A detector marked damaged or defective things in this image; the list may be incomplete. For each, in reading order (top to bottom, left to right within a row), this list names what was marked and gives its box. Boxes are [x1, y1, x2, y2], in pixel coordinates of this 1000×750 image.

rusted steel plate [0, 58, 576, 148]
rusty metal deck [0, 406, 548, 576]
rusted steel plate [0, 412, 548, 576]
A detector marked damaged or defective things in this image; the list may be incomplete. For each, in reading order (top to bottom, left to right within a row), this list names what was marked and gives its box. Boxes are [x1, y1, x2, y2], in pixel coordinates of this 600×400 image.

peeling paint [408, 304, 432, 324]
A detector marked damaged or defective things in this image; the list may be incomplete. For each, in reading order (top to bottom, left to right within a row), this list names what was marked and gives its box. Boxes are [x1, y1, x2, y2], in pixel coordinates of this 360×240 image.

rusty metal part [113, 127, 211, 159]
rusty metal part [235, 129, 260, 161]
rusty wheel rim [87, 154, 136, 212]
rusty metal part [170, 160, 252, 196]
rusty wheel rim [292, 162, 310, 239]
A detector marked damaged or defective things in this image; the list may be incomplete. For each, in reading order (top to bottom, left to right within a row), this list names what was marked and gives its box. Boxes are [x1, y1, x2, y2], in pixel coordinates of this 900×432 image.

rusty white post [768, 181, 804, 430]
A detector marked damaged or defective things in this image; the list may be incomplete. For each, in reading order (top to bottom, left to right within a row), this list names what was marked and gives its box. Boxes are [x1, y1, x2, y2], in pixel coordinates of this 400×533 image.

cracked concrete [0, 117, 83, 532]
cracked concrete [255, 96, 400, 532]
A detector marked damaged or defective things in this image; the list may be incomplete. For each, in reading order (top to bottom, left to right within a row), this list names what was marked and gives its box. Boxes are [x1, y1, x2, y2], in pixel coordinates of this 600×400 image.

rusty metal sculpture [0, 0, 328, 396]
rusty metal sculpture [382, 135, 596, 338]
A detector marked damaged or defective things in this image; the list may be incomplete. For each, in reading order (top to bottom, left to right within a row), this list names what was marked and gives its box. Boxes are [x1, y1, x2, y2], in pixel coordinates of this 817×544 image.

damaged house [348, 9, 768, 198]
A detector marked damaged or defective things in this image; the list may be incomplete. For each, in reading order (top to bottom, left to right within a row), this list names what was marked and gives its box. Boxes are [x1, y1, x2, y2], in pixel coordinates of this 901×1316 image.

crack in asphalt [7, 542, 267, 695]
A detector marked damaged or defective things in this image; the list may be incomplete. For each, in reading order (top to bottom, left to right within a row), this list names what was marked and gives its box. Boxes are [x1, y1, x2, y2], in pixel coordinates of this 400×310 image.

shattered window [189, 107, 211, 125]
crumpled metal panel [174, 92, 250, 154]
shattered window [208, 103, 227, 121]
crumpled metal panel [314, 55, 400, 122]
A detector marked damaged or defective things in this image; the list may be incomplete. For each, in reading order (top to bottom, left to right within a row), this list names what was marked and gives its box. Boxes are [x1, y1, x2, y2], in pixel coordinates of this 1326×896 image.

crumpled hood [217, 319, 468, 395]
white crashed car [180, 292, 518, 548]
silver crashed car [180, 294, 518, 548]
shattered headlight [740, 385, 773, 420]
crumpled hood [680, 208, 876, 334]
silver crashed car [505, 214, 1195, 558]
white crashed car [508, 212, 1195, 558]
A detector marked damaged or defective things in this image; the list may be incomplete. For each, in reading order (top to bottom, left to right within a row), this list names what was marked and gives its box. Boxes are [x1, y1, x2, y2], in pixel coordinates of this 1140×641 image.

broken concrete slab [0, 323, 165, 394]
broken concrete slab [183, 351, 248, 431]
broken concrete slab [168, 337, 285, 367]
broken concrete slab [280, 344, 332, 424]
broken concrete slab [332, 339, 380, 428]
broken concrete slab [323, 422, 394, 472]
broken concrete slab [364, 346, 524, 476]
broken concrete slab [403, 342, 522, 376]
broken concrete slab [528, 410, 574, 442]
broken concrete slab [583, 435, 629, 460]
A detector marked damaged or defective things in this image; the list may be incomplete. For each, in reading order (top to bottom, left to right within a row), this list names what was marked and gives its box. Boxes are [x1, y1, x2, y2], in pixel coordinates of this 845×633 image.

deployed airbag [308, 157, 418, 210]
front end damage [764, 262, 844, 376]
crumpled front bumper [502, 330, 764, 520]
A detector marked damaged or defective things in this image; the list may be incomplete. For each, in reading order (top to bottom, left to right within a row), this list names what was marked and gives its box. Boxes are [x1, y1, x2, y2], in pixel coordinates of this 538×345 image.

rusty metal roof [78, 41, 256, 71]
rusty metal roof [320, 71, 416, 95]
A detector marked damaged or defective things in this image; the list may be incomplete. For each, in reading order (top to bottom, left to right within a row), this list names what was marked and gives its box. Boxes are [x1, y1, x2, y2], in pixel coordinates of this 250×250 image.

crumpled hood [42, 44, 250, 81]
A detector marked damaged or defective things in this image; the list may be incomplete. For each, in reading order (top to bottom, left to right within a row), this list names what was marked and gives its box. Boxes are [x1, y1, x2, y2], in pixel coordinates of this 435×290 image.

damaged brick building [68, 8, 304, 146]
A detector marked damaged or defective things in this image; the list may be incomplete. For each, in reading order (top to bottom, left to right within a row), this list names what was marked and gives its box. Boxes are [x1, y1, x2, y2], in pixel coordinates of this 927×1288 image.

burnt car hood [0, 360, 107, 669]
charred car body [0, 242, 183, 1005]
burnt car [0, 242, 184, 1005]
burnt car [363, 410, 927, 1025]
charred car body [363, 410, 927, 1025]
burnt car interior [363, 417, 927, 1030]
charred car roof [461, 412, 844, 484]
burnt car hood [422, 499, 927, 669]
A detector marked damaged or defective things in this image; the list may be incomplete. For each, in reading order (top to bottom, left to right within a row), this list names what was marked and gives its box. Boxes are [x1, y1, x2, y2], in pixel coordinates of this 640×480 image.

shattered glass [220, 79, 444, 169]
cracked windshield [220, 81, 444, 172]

Goal of the exercise:
Begin with the line that contains "this 435×290 image." and end with the last line of the data. Repeat those two lines and all between them exactly.

Answer space:
A detector marked damaged or defective things in this image; the list may be incomplete. For each, in reading order (top to bottom, left to right within a row), this list names what was marked and gives its box. Boxes are [x1, y1, x2, y2], in pixel coordinates of this 435×290 image.

damaged brick building [68, 8, 304, 146]
A detector marked damaged or defective things in this image; the list may be incomplete. For each, in reading order (top to bottom, left to right within a row), this list names what was marked and gives its box. Boxes are [x1, y1, x2, y2], in pixel coordinates of this 927×1288 image.

burnt car hood [0, 360, 107, 669]
charred car body [0, 242, 183, 1005]
burnt car [0, 242, 184, 1005]
burnt car [363, 410, 927, 1025]
charred car body [363, 410, 927, 1025]
burnt car interior [363, 417, 927, 1030]
charred car roof [461, 412, 844, 484]
burnt car hood [422, 499, 927, 669]
A detector marked damaged or defective things in this image; the list may be incomplete. For each, in reading order (top to bottom, left to right within a row), this list names what was marked and gives its box. Boxes are [x1, y1, x2, y2], in pixel coordinates of this 640×480 image.

shattered glass [220, 79, 444, 169]
cracked windshield [220, 81, 444, 172]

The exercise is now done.